TRY IT:
Your answer should consist solely of the lines from the first line of the data through the line with "Imagem de Chinelos", each reproduced exactly.

THE DATA:
-----

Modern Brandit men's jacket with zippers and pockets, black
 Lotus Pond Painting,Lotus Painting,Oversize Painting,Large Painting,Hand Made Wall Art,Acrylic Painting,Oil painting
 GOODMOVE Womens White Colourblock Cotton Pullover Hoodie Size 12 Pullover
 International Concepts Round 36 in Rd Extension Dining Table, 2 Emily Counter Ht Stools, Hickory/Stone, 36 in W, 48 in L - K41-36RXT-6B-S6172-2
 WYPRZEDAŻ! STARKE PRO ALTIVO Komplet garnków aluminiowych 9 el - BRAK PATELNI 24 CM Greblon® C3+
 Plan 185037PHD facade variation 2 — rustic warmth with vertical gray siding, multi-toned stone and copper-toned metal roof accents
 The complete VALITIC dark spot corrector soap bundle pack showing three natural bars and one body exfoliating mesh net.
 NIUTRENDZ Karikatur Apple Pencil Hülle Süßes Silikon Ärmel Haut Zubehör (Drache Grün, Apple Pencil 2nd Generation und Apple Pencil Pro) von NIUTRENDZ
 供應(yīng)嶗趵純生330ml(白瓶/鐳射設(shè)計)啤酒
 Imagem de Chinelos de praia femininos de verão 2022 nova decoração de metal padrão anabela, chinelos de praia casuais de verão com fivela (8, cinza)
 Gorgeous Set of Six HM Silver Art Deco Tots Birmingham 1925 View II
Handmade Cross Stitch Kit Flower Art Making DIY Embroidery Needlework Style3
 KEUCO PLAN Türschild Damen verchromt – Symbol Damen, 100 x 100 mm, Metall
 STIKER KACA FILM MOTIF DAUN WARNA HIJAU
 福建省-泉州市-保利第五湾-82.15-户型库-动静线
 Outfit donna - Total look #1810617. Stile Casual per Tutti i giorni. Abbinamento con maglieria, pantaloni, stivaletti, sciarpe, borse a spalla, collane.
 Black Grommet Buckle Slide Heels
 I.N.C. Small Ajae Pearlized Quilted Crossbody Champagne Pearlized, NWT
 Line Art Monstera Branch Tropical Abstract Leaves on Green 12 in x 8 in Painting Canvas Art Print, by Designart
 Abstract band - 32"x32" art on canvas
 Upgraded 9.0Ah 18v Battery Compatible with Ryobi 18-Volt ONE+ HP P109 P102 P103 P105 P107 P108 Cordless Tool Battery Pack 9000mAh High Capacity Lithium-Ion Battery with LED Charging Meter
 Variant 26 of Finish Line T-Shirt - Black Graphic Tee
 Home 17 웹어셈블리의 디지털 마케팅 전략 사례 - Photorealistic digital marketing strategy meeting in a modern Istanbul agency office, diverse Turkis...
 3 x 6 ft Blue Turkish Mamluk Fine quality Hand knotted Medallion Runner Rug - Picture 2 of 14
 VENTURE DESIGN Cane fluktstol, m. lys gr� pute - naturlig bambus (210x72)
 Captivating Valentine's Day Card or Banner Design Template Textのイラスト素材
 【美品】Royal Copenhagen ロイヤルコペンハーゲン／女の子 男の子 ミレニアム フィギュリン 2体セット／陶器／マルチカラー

-----

RESULT FOR THIS EXERCISE:
Modern Brandit men's jacket with zippers and pockets, black
 Lotus Pond Painting,Lotus Painting,Oversize Painting,Large Painting,Hand Made Wall Art,Acrylic Painting,Oil painting
 GOODMOVE Womens White Colourblock Cotton Pullover Hoodie Size 12 Pullover
 International Concepts Round 36 in Rd Extension Dining Table, 2 Emily Counter Ht Stools, Hickory/Stone, 36 in W, 48 in L - K41-36RXT-6B-S6172-2
 WYPRZEDAŻ! STARKE PRO ALTIVO Komplet garnków aluminiowych 9 el - BRAK PATELNI 24 CM Greblon® C3+
 Plan 185037PHD facade variation 2 — rustic warmth with vertical gray siding, multi-toned stone and copper-toned metal roof accents
 The complete VALITIC dark spot corrector soap bundle pack showing three natural bars and one body exfoliating mesh net.
 NIUTRENDZ Karikatur Apple Pencil Hülle Süßes Silikon Ärmel Haut Zubehör (Drache Grün, Apple Pencil 2nd Generation und Apple Pencil Pro) von NIUTRENDZ
 供應(yīng)嶗趵純生330ml(白瓶/鐳射設(shè)計)啤酒
 Imagem de Chinelos de praia femininos de verão 2022 nova decoração de metal padrão anabela, chinelos de praia casuais de verão com fivela (8, cinza)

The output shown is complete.